As he approached the table, the mother said to the boy, “Jimmy, you better eat all of your peas, if you want to grow up big and strong like the policeman.”
The trooper smiled down at the wide-eyed youngster, drew himself up to his full height and said, “Jimmy, I’m six foot four and two hundred forty pounds. I hate peas and I’ve never eaten a single one in my entire life.”
The inner tyrant exists in all of us. It’s the self important little dictator that justifies our desire to impose our will on others by any means necessary.
It’s simple to spot this quality in others. Seeing it in oneself is another matter entirely.
One of the biggest indicators that our marching orders are coming from the inner tyrant is when self-righteousness replaces empathy for others. Concepts like the Golden Rule and “live and let live” are discarded. When the only thing that truly matters is getting our way, it’s easy to treat others like objects instead of individuals who matter as much as we do.
As blogger Eric Peters often points out, the inner tyrant is “possessed of superior knowledge in all things. He knows it. His irrationality is his most formidable weapon – because it end-runs reason, logic, principle – and thereby, morality based on natural law. He will force you to do it.”
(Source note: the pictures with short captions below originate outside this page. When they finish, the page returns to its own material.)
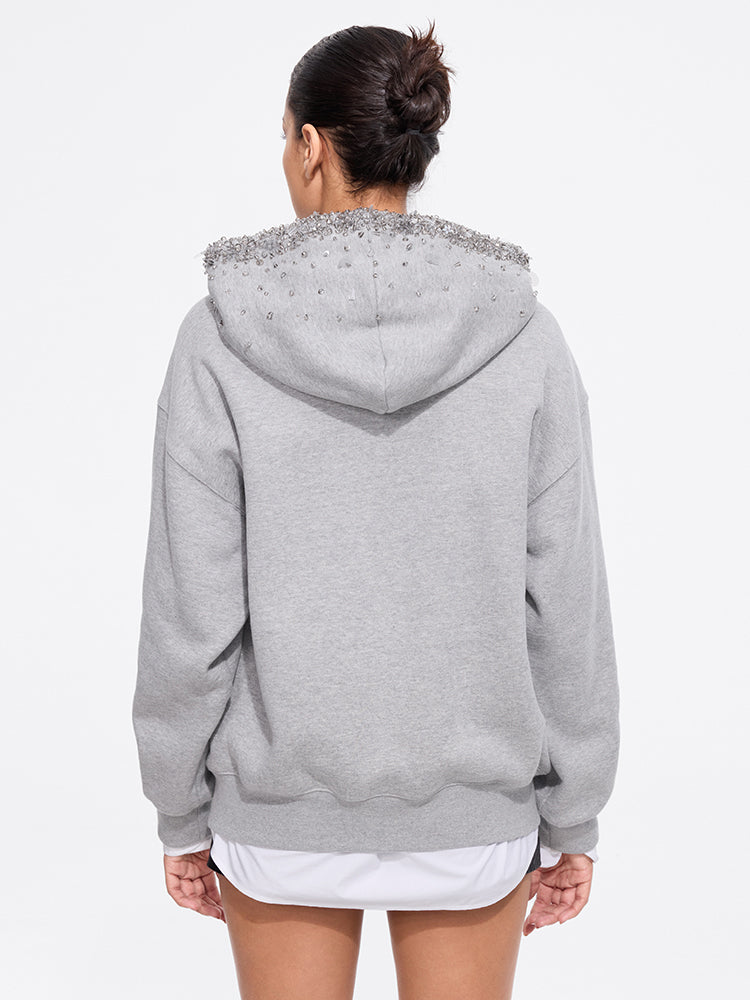 kapuzenpullover mit perlenverzierung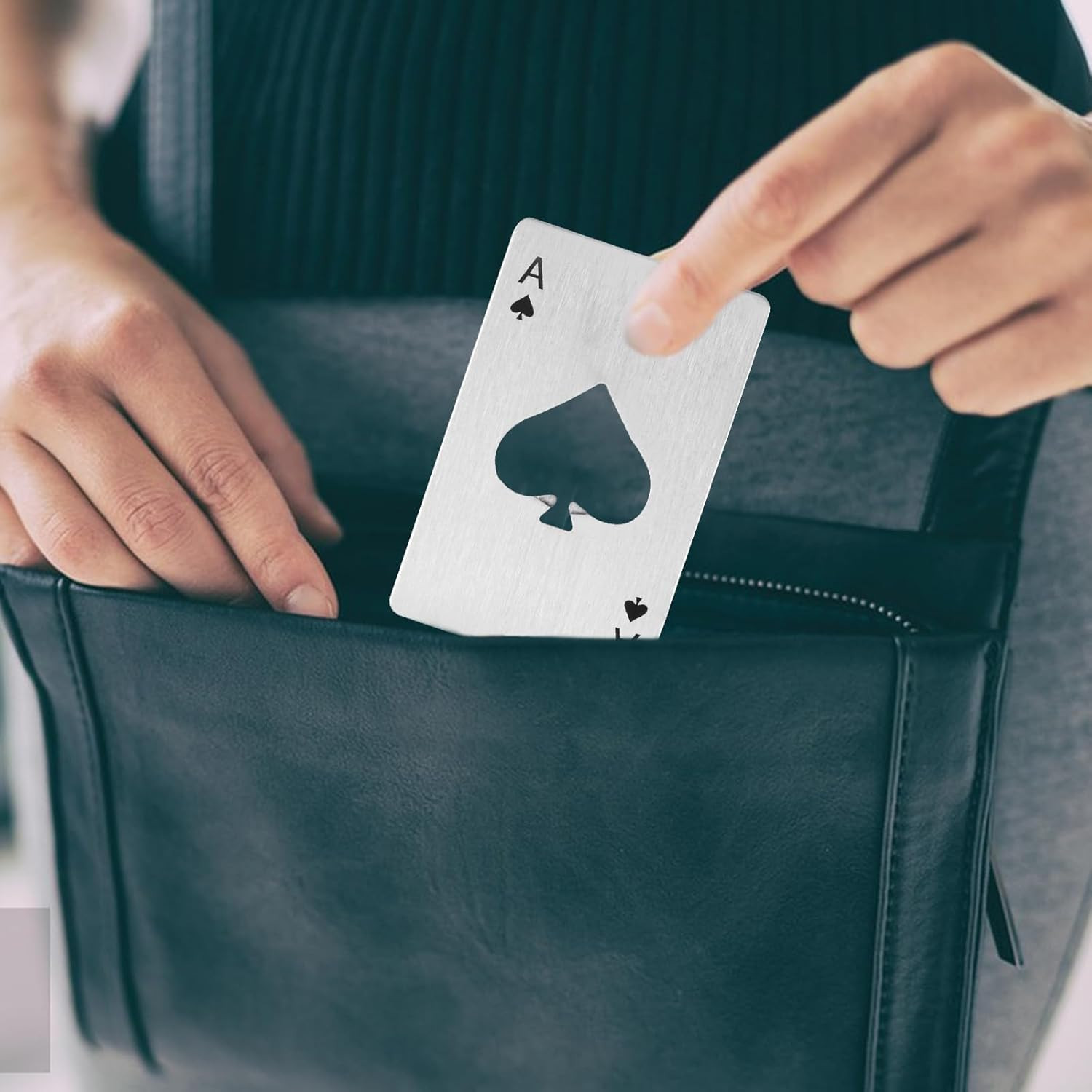 10 Pcs Ace of Spades Bottle Openers, Poker Card Bottle Openers, Stainless Steel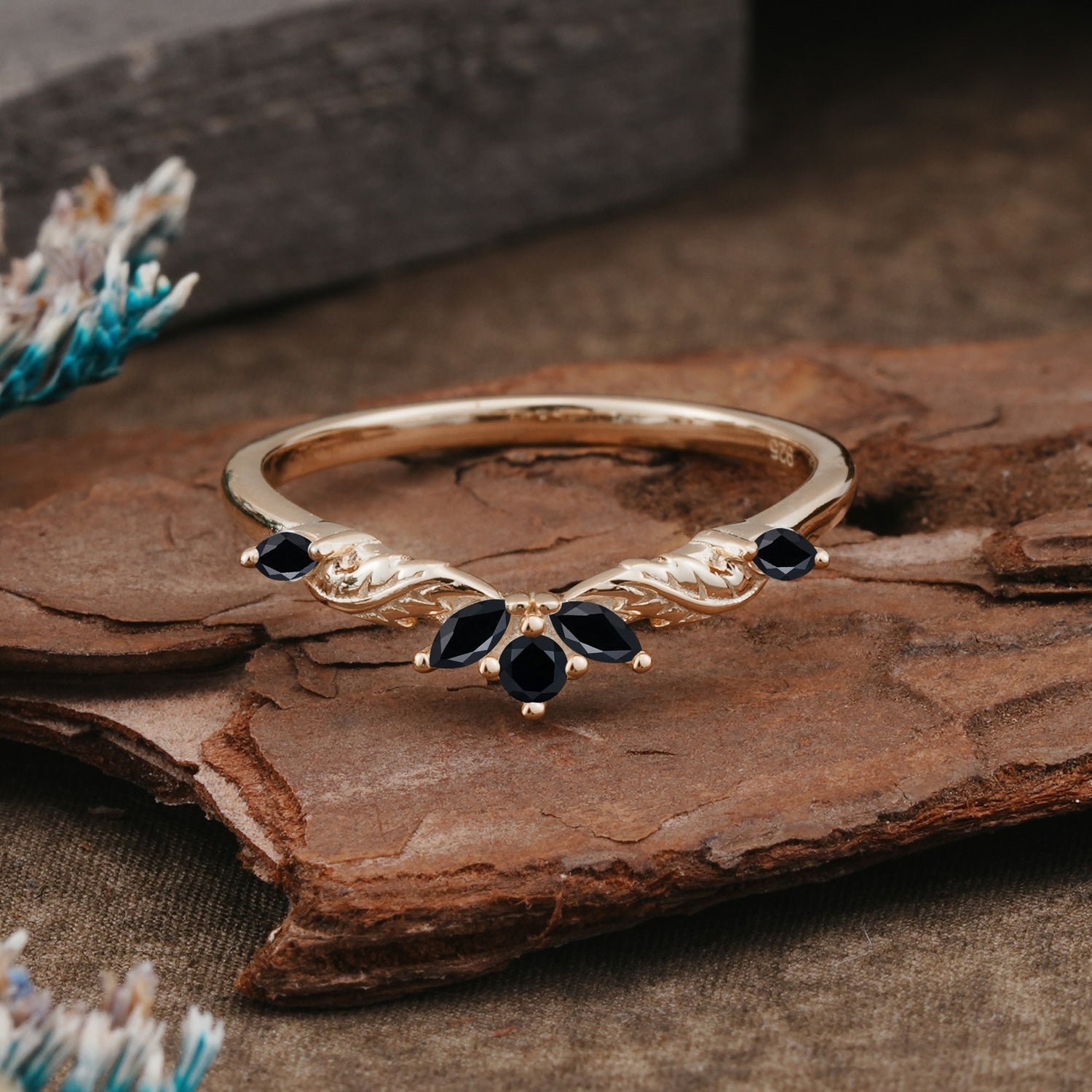 Unique Marquise Cut Curved Black Onyx Ring Wedding Ring - Romalar Jewelry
When something offends us, do we, like Jimmy’s mother, reach for someone in authority to force a solution in our favor? Do we use the law as an excuse to punish others simply because we can?
Writer Karen De Coster tells of an incident in which, traveling alone, she momentarily stepped away from one of her bags at the airport. Though her bag was just a few steps away, a woman approached her and told her that security was looking for her for leaving her bag unattended. As De Coster made her way to the gate to board her flight this woman relentlessly pursued her, determined to alert security.
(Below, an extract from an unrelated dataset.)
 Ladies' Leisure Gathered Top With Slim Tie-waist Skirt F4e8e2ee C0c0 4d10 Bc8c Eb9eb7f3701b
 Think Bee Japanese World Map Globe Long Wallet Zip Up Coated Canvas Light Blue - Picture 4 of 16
The airport busybody was energized by the prospect of ruining De Coster’s day for the imagined breach of a bureaucratic rule. Rather than seeking to free us from inane rules or laws, our inner tyrant prefers to force others to obey.
But this is not surprising. It has been understood for generations.
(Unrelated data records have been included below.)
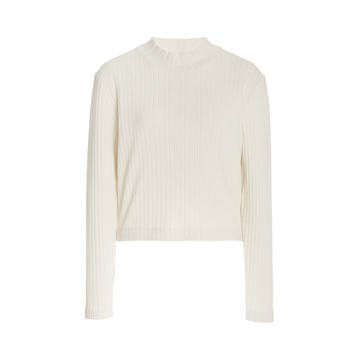 Ribbed Mock Neck Cotton-Blend Pullover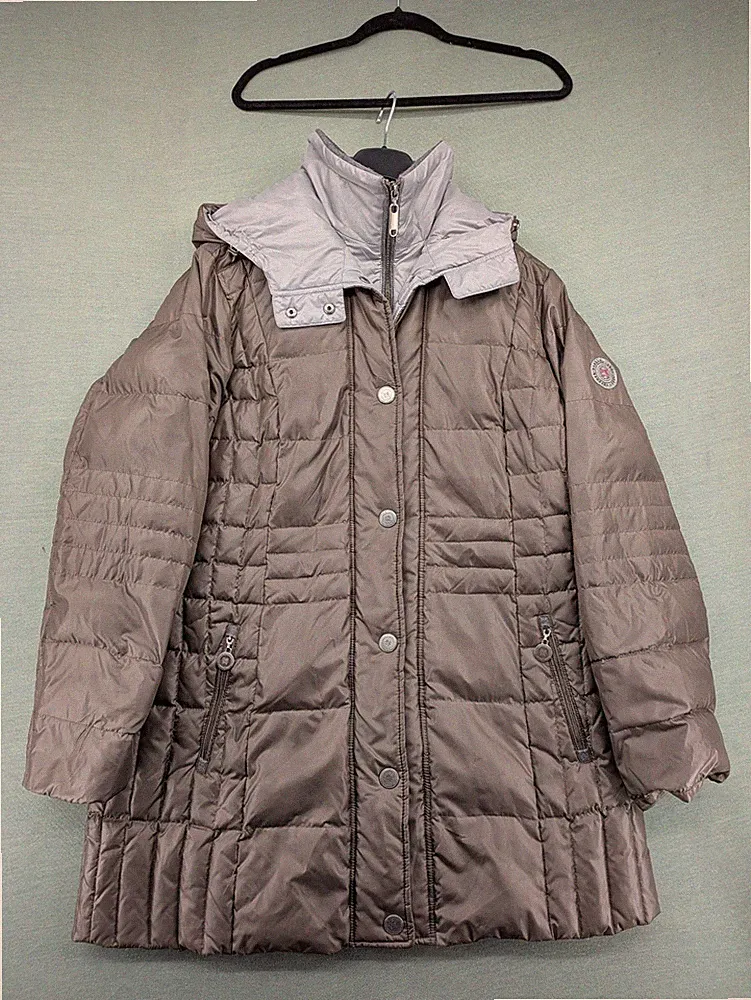 Lebek Damen Daunen Puffer Mantel Größe 42 Braun Kapuze Stepp Full Zip Jacke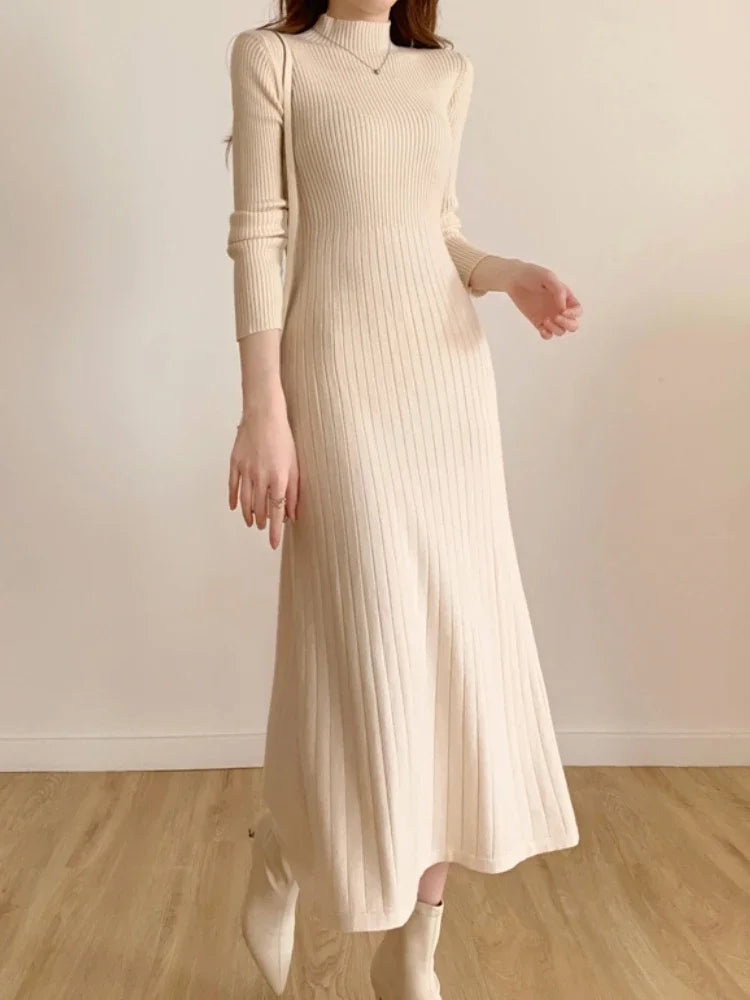 Autumn Winter 2024 Slim Long Sleeve Party Midi Dress for Women Knitted Half High Collar Elegant Knitted Sweater Dresses Ladies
In 1925 H.L. Mencken wrote: “One of the main purposes of laws in a democratic society is to put burdens upon intelligence and reduce it to impotence. Ostensibly, their aim is to penalize anti-social acts; actually their aim is to penalize heretical opinions. At least 95 Americans out of every 100 believe that this process is honest and even laudable; it is practically impossible to convince them that there is anything evil in it. In other words, they cannot grasp the concept of liberty.”
Our inner tyrant is not only drunk on an inflated sense of importance but also loves a good contact high from the state’s authority.
The state provides the mechanism of force for those with the irresistible desire to control others. This is why our inner tyrant thrills to hear words like “we” and “the public” or “the common good.” These words represent an appeal to force by which individuals are brought to heel.
Again Eric Peters summarizes the sad truth, “Because there is nothing in this life more indecent than the urge to dominate and control other people. It is the primal sin, if you like, from which all others follow. Every theft, every assault, every murder – including mass murder – derives from the urge to control.”
So how do we topple the inner tyrant?
It begins with the understanding that freedom is an indivisible commodity. If we wish to freely make our own choices and pursue our own happiness, we must allow others to do so as well. This includes those who make peaceful choices with which we disagree.
We may seek to persuade them to different choices, or we may simply choose to avoid them altogether. But, in the absence of a victim, force should never be an option—whether it be our own or borrowed from the state.
Our inner tyrant deserves no more than a speedy trial, conviction, and permanent banishment.